→ Captioned web image data
--- --- ---

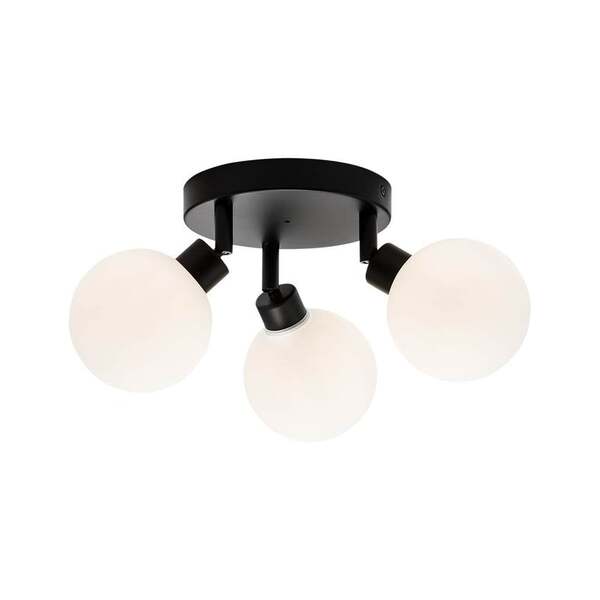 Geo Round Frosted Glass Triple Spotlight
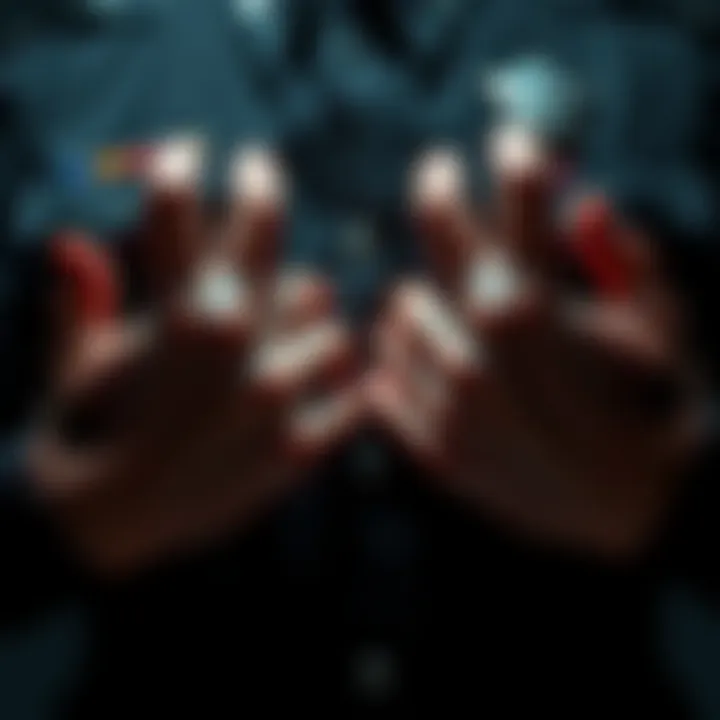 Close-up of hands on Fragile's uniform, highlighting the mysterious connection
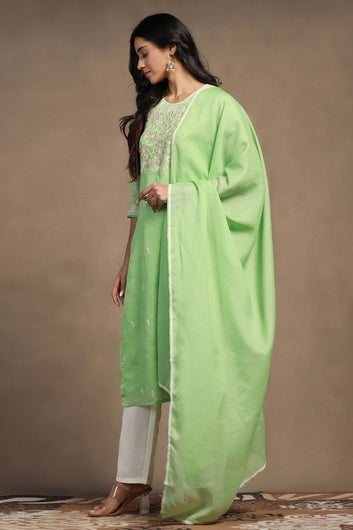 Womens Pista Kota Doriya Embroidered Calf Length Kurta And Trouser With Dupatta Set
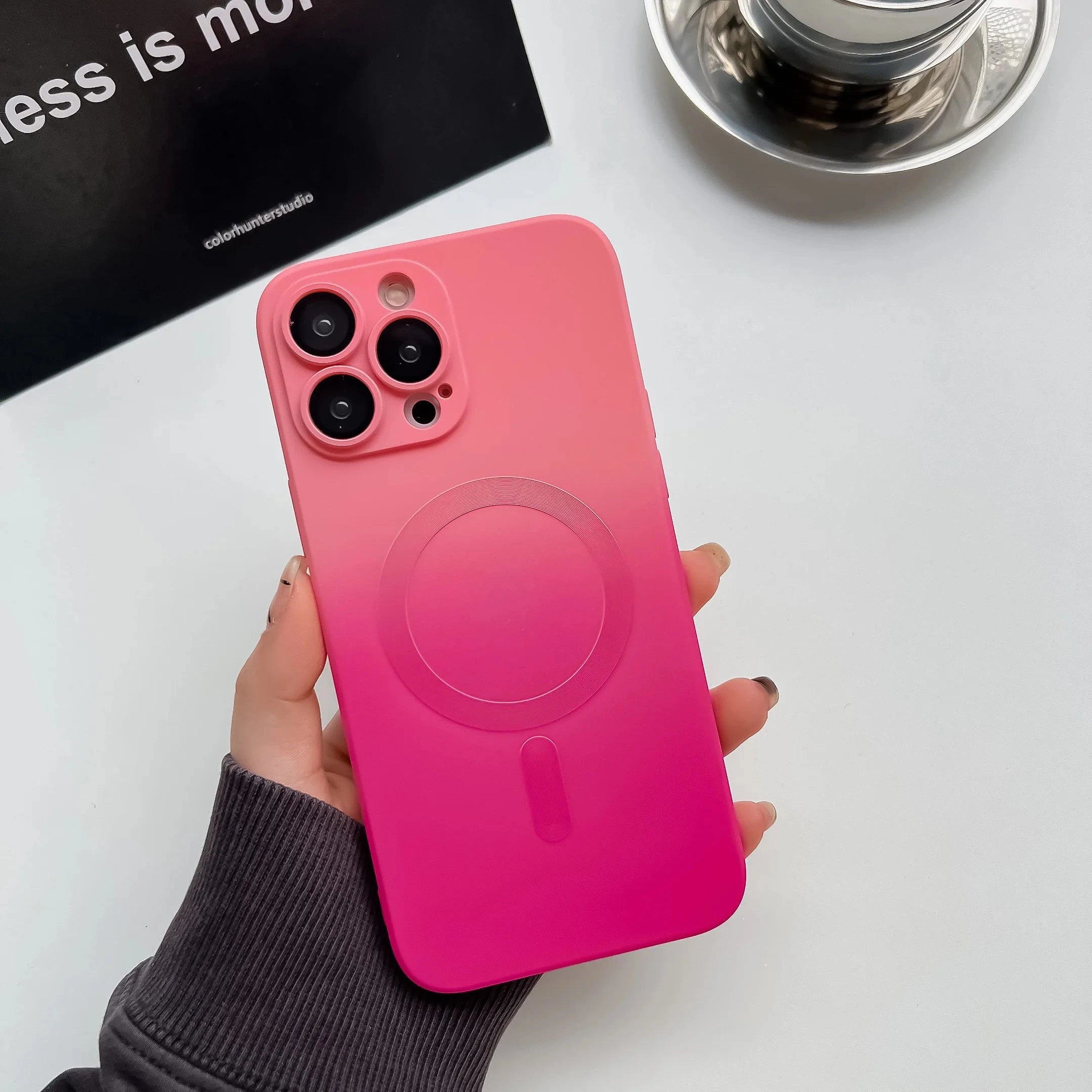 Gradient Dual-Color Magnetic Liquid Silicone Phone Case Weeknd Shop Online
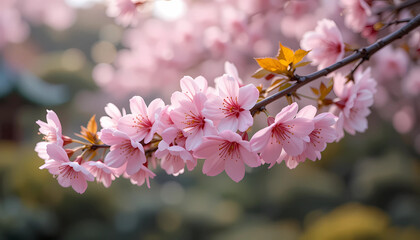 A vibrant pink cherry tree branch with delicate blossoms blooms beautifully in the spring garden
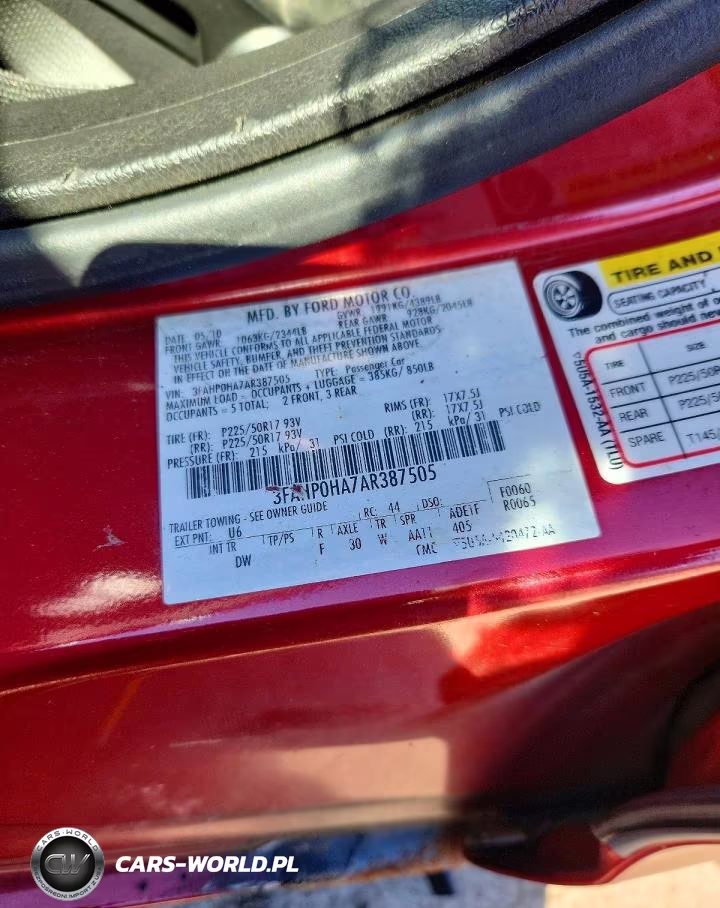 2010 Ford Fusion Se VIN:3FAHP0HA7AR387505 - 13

--- --- ---

→ Directions
Repeat every line of the data above exactly, but drop the pictures.

→ Result
 Geo Round Frosted Glass Triple Spotlight
 Close-up of hands on Fragile's uniform, highlighting the mysterious connection
 Womens Pista Kota Doriya Embroidered Calf Length Kurta And Trouser With Dupatta Set
 Gradient Dual-Color Magnetic Liquid Silicone Phone Case Weeknd Shop Online
 A vibrant pink cherry tree branch with delicate blossoms blooms beautifully in the spring garden
 2010 Ford Fusion Se VIN:3FAHP0HA7AR387505 - 13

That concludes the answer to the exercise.